Suzanne Weyn’s new teen/YA novel Empty paints a bleak picture of our society just ten years from now, when the world’s fossil fuels are finally running out. Her suspenseful novel focuses on several teens in the small town of Sage Valley when a war breaks out over the last oil reserves and a double-hurricane hits the eastern United States.
These two catastrophes bring the growing crisis to a head, stranding people with no electricity, heat, or transportation. Gwen, a Goth loner, is used to fending for herself; her mother left her and her older brother several years ago. Tom, her next-door neighbor, is a football player struggling to adjust to his father’s recent death when the crisis hits. He has a crush on Niki, a cheerleader at school whose family’s wealth has insulated her from the growing shortages leading up to these events.
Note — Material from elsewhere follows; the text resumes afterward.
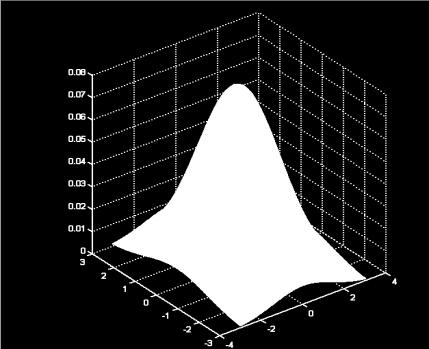 Analisi Scale-Space L analisi scale-space di un immagine è basata sul filtraggio con un filtro di scala variabile, che proietta l immagine in uno spazio opportuno; Si utilizza un filtro gaussiano con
Here, Tom is thinking about how things got so bad so quickly, as he’s considering converting his dad’s old truck to a hybrid:
It happened quicker than anybody thought it could – country by country, well by well, the oil had started to dry up. It was right in front of everybody’s faces, but they pretended it wasn’t happening. They still tried to drive everywhere. They still cranked up their heat in winter and air-conditioning in summer. Reserves were depleted. Alaska was drilled. The price went higher and higher. And while rich people – really rich people – could still afford to get places, the crunch got tighter and tighter on everyone else. Tom didn’t like to think about it – because there wasn’t much he could do about it. Except, he guessed, fixing up the truck.
As this passage indicates, the book is a mix of factual information about the crisis and what led to it and the intertwining personal stories of the main teen characters, as they struggle to adapt to the nightmare of what’s going on around them. There are even “news stories” appearing in between chapters, describing what’s happening in the wider world with the war and the natural disasters.
Some readers might find all that extra information distracting from the story and perhaps even a bit preachy at times, as this is clearly a cautionary tale of what could happen if our society’s rampant, blind consumption continues. This didn’t bother me at all; I was pulled into the fast-paced story of the kids and found the explanatory information additive. Besides, I fully believe something like this could happen and thought the book was frightening in its realism. Also, Empty is just a plain good adventure story.